The Reporter (Vacaville)

US sues to block JetBlue from buying Spirit Airlines

- By David Koenig

The Biden administra­tion sued to block JetBlue Airways' $3.8 billion purchase of Spirit Airlines, saying Tuesday that the deal would reduce competitio­n and drive up air fares for consumers.

The Justice Department said the tie-up would especially hurt cost-conscious travelers who depend on Spirit to find cheaper options to JetBlue and other airlines.

Attorney General Merrick Garland held a news conference to announce the antitrust lawsuit — a sign of the importance that the administra­tion places on stopping further consolidat­ion in the airline industry.

“If allowed to proceed, this merger will limit choices and drive up ticket prices for passengers across the country” and “eliminate Spirit's unique and disruptive role in the industry,” he said.

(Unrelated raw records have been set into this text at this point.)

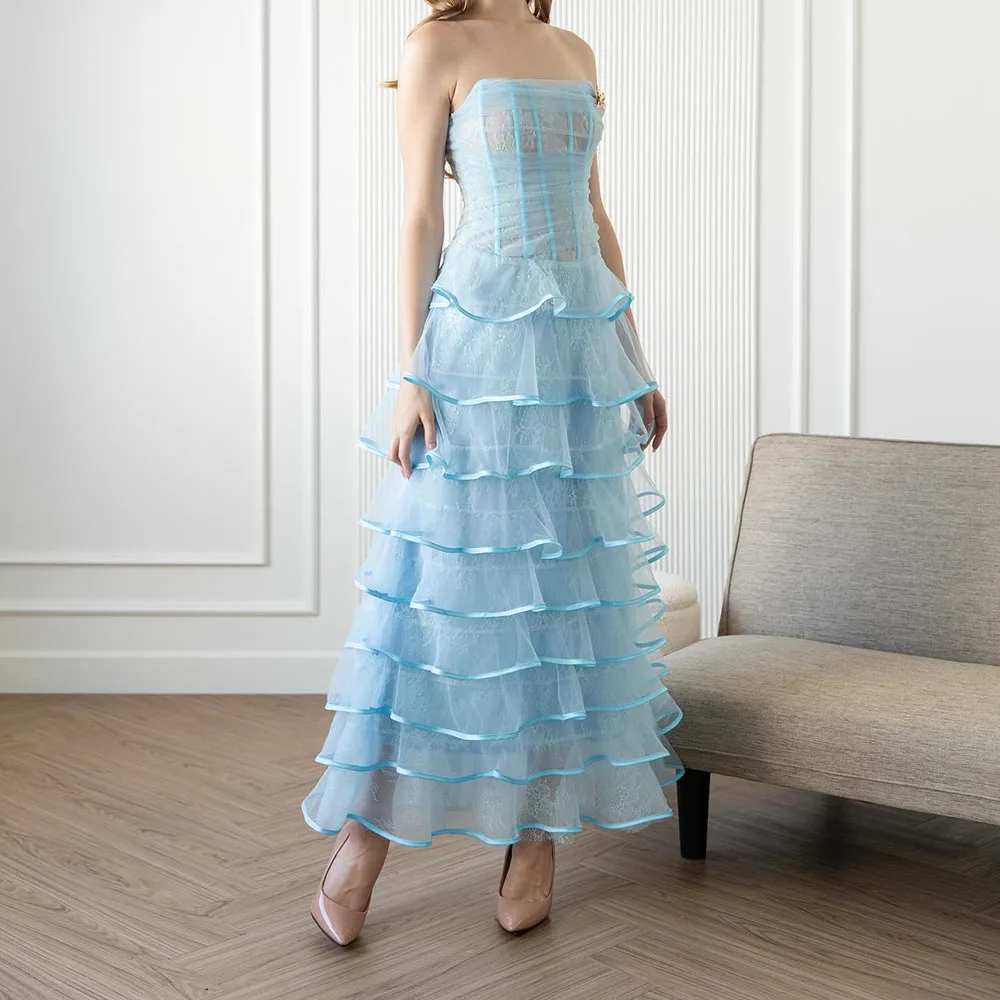 

Customized A-line Evening Dresses Ankle-length Strapless Sleeveless Prom Gown Simple Fashion Tiered Draped Backless Party Gown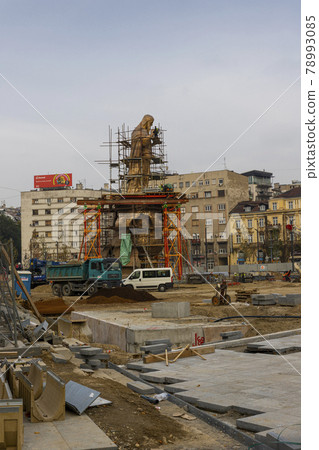 Belgrade, Serbia - November 23. 2020: Stefan Nemanja Monument under construction in front of old railway station in Belgrade, Serbia 78993085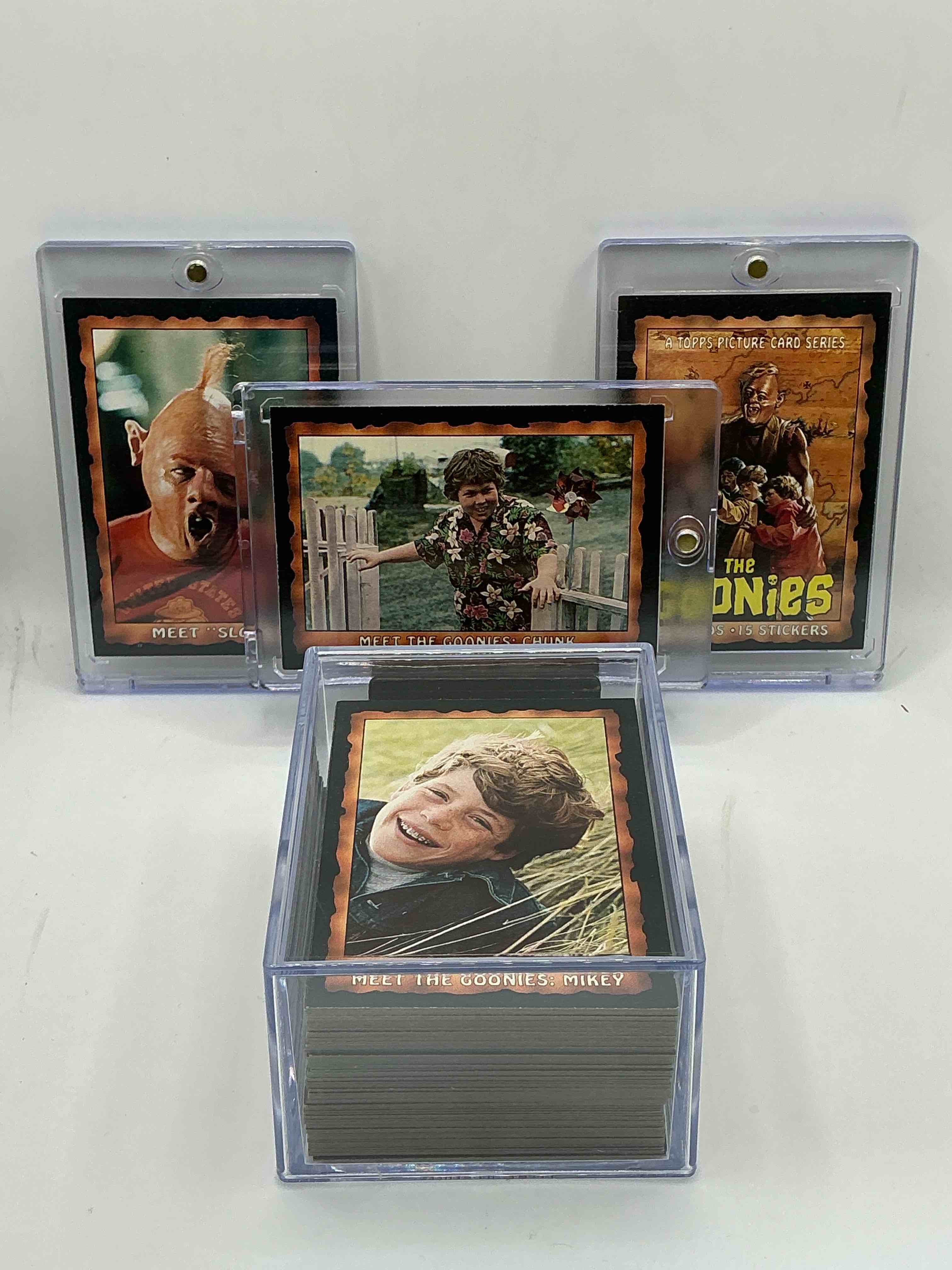 1985 goonies wow!  complete, original & authentic “goonies” movie trading card set, all 86 cards included complete!  excellent condition!  this set is a serious pop culture collectible, ultra rare complete & in this great condition!  your chance to own a little “piece of the 80’s” & have some collectible fun with chunk, sloth & the rest of the gang!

The Justice Department lawsuit, filed in federal district court in Boston, stressed that the deal would mean the end of the nation's biggest “ultralow-cost carrier.” Those are airlines that generally provide the cheapest fares but also tend to charge more fees.

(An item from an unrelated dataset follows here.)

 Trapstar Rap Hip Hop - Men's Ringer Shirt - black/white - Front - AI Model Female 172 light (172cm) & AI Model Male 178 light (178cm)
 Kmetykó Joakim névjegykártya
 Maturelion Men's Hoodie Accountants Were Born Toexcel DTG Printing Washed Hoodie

The Justice Department lawyers said Spirit's demise would eliminate about half of all ultra-lowcost seats in the market. It cited a Spirit estimate that average fares fall 17% when it enters a route, and a JetBlue calculatio­n that fares rise 30% when Spirit leaves a route.

The airlines vowed to continue fighting to salvage their agreement.

JetBlue CEO Robin Hayes said the merger would boost competitio­n by making his New Yorkbased airline bigger and better able to go up against American, United, Delta and Southwest. He blamed the DOJ for airline consolidat­ion.